Banks, commercial or otherwise (I-banks, S&Ls, mortgage lenders), don't make money by sitting on it. They must lend. And when they're experiencing large inflows, whether from Asian investors in the U.S. housing boom or Russian gangstas, they go shopping for places to amplify those flows.

That's finance -- there's nothing wrong with it (except maybe the gangsta part). To the contrary, the text book case is that these excess savings find their way to the most productive uses and the virtuous cycle is off and running. But the real world case looks a lot different.

In the U.S. and some parts of the European meltdown, sloppy underwriting and "innovative" finance plowed the excesses into a massive housing bubble that lost trillions and from which we're only now recovering (while much of Europe remains mired). Greece over-leveraged on imbalanced surpluses from northern Europe with no fiscal structures in place to finance its debts, and Cyprus invested in Greece.
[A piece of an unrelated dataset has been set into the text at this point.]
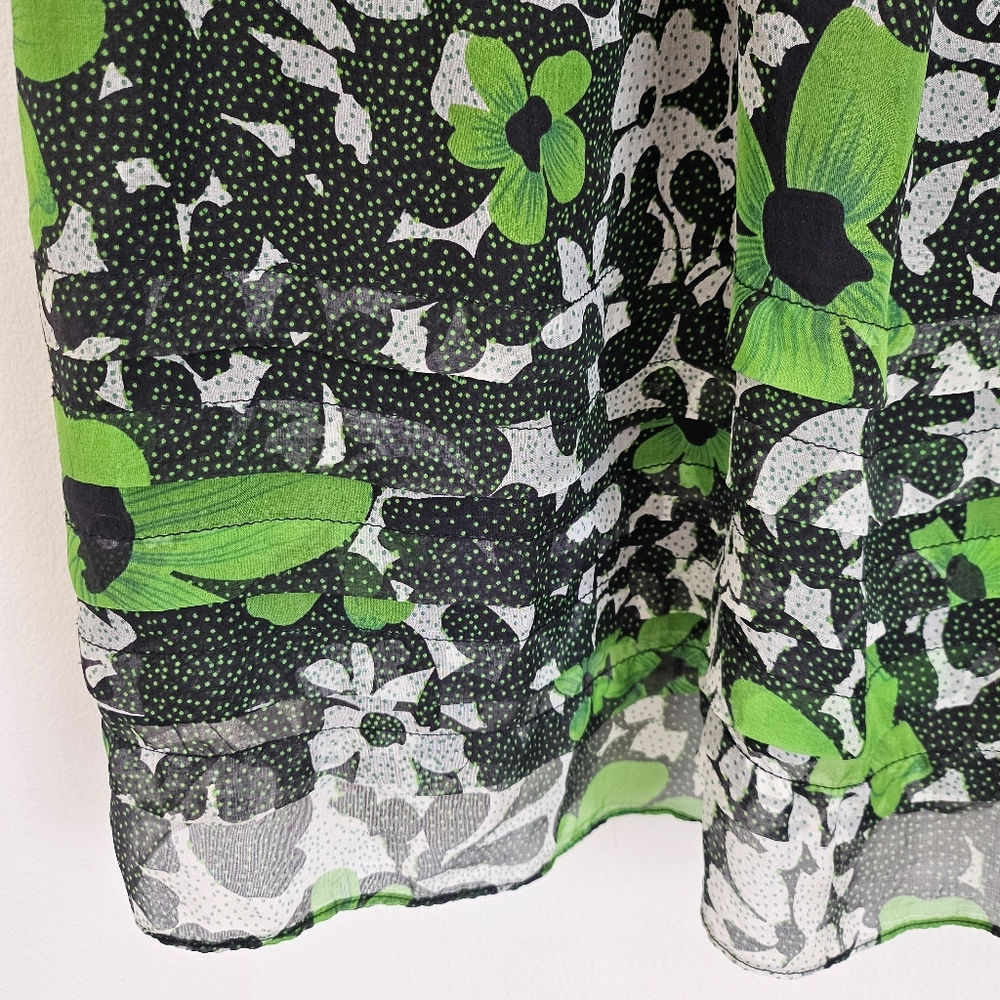 Solemio Green Floral Polka Dot Tiered Ruffle Cami Top Dress M - Picture 5 of 6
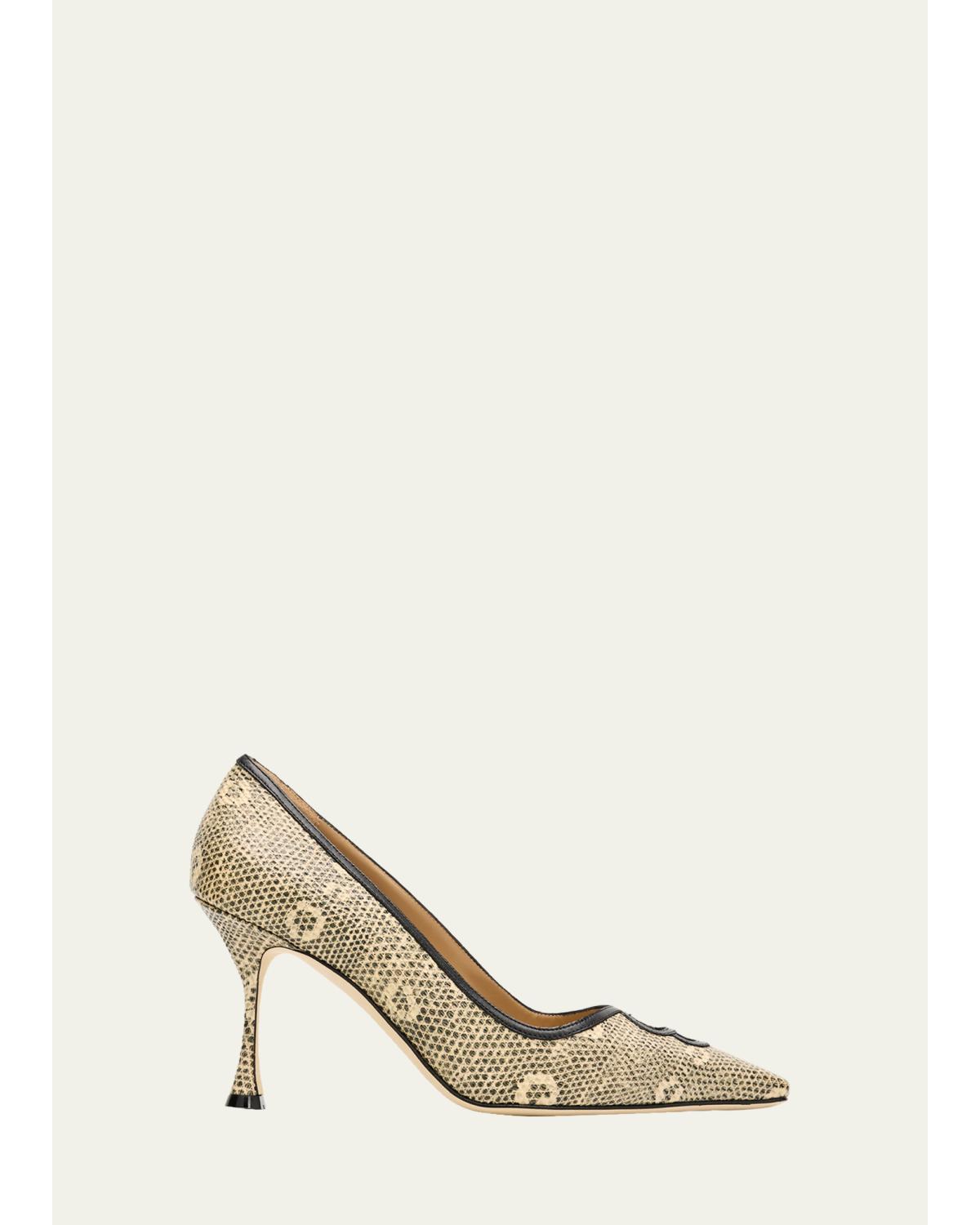 90Mm Berry Snake-Embossed Pumps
Again, I'm grossly simplifying and more time must pass before these autopsies reveal their real lessons, but I suspect once they do they will show the following: capitalism in this era ran amok in no small part because policy makers accepted the teachings of the high-priests of economics that modern economies self correct. They work out their excesses and imbalances without state intervention, oversight, or regulation. Those functions, the priests said, would only cuff the free hand.

I'd like to think that we now know that the free hand, uncuffed, is often all thumbs. I'd like to think that our policy makers are interested in systems that identify the types of destabilizing imbalances from which we've suffered in recent years. That's what I'd like. I doubt it's what I'll get.